» The problem: Transcribe all of the data verbatim, please, and leave out its pictures.

» Input data:
..............................

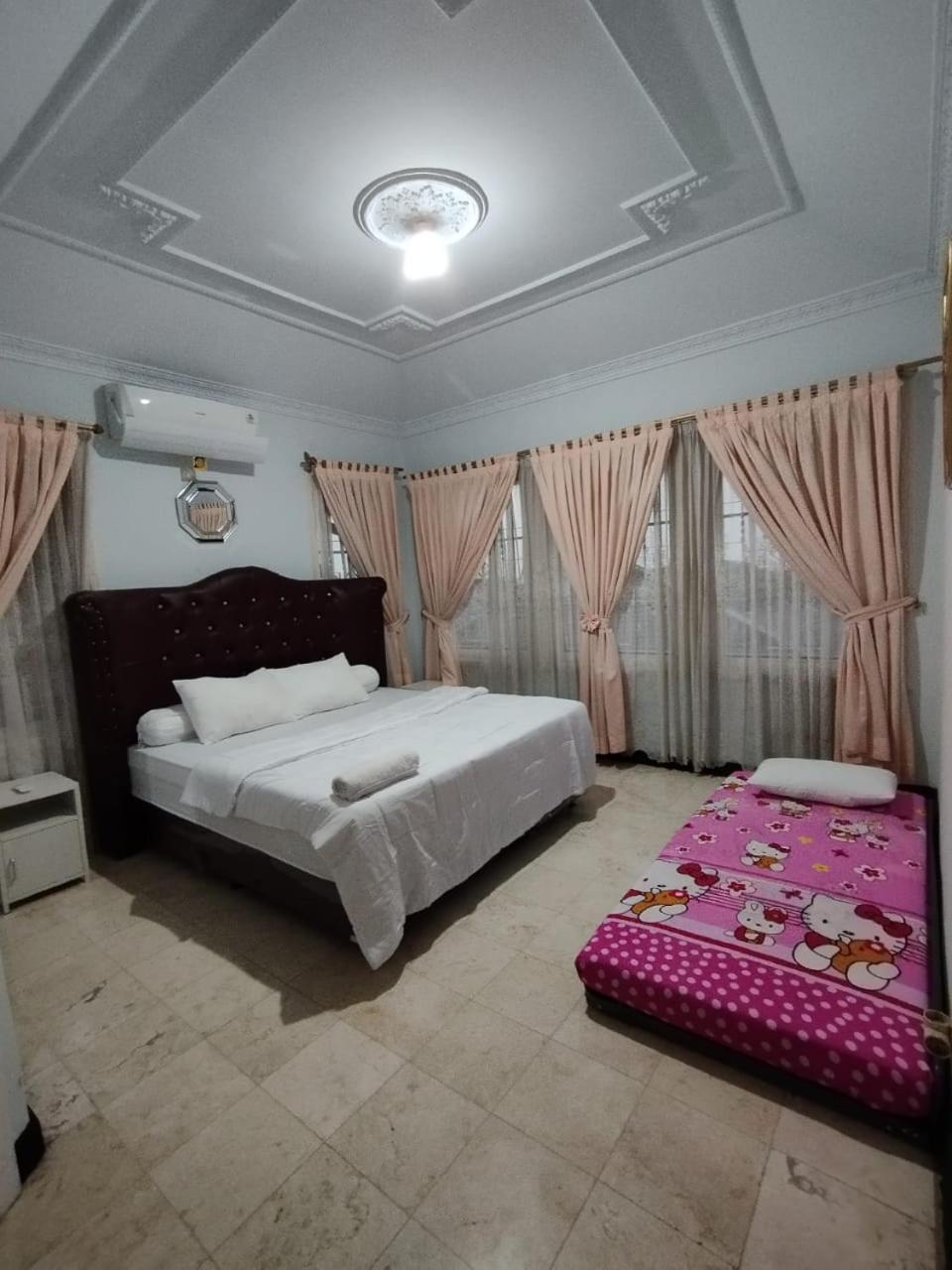 Vila Princess,Sentul 4Bedroom Dan Tenda Camping,Private Pool, Tenis Meja, Mini Billiard, Karaoke, Ayunan,Bbq, 08Satu3 80Satu6 4Satu5Satu Bogor Eksteriør bilde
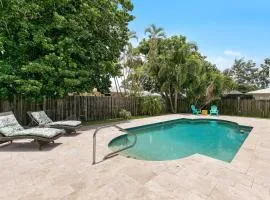 Welcome to Bolero Oasis - In the heart if Naples - Close to Beaches and Restaurants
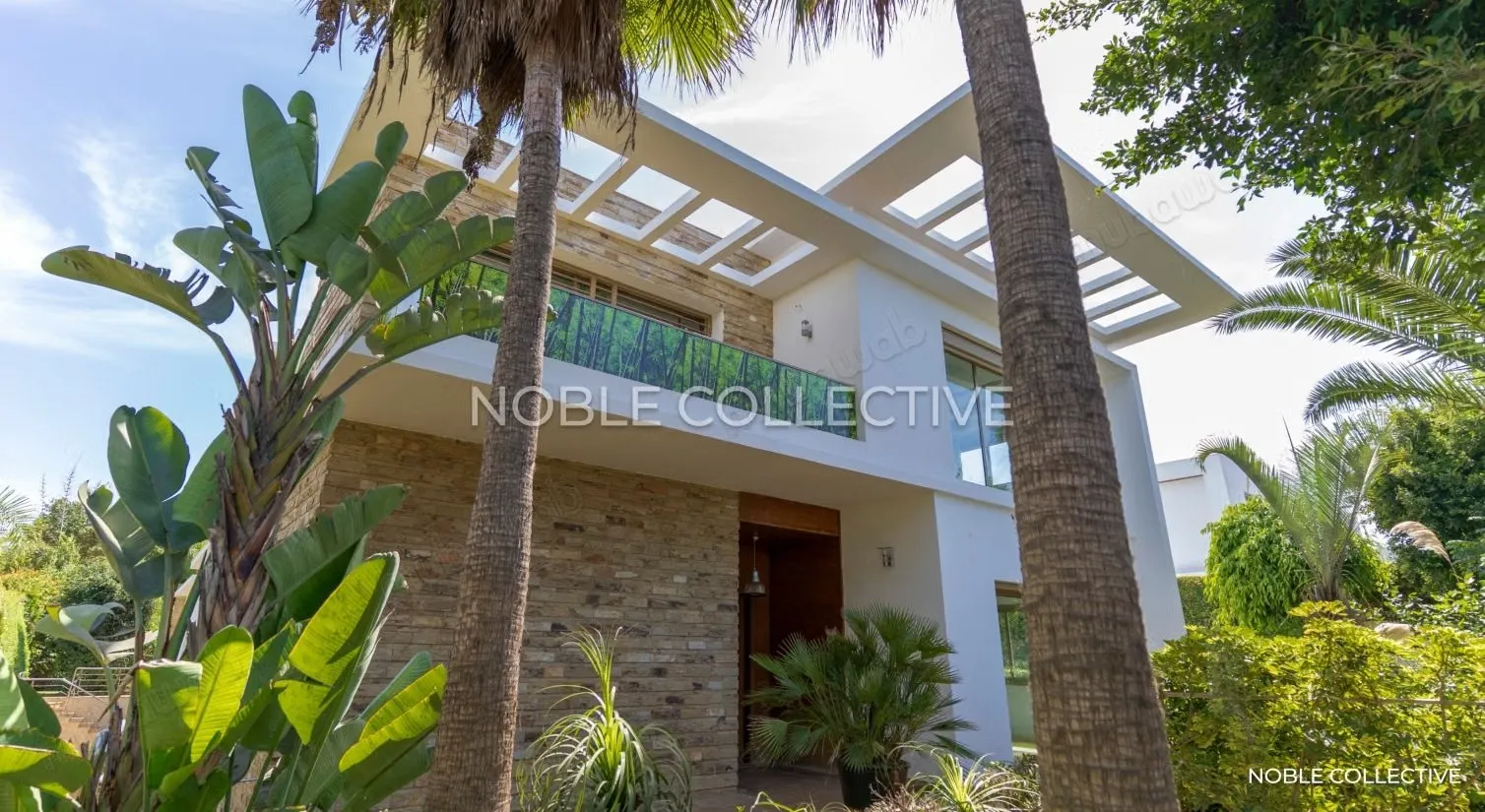 Villa de Prestige à Louer – Aïn Diab, Casablanca - الدار البيضاء (3)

..............................

» Written answer:
 Vila Princess,Sentul 4Bedroom Dan Tenda Camping,Private Pool, Tenis Meja, Mini Billiard, Karaoke, Ayunan,Bbq, 08Satu3 80Satu6 4Satu5Satu Bogor Eksteriør bilde
 Welcome to Bolero Oasis - In the heart if Naples - Close to Beaches and Restaurants
 Villa de Prestige à Louer – Aïn Diab, Casablanca - الدار البيضاء (3)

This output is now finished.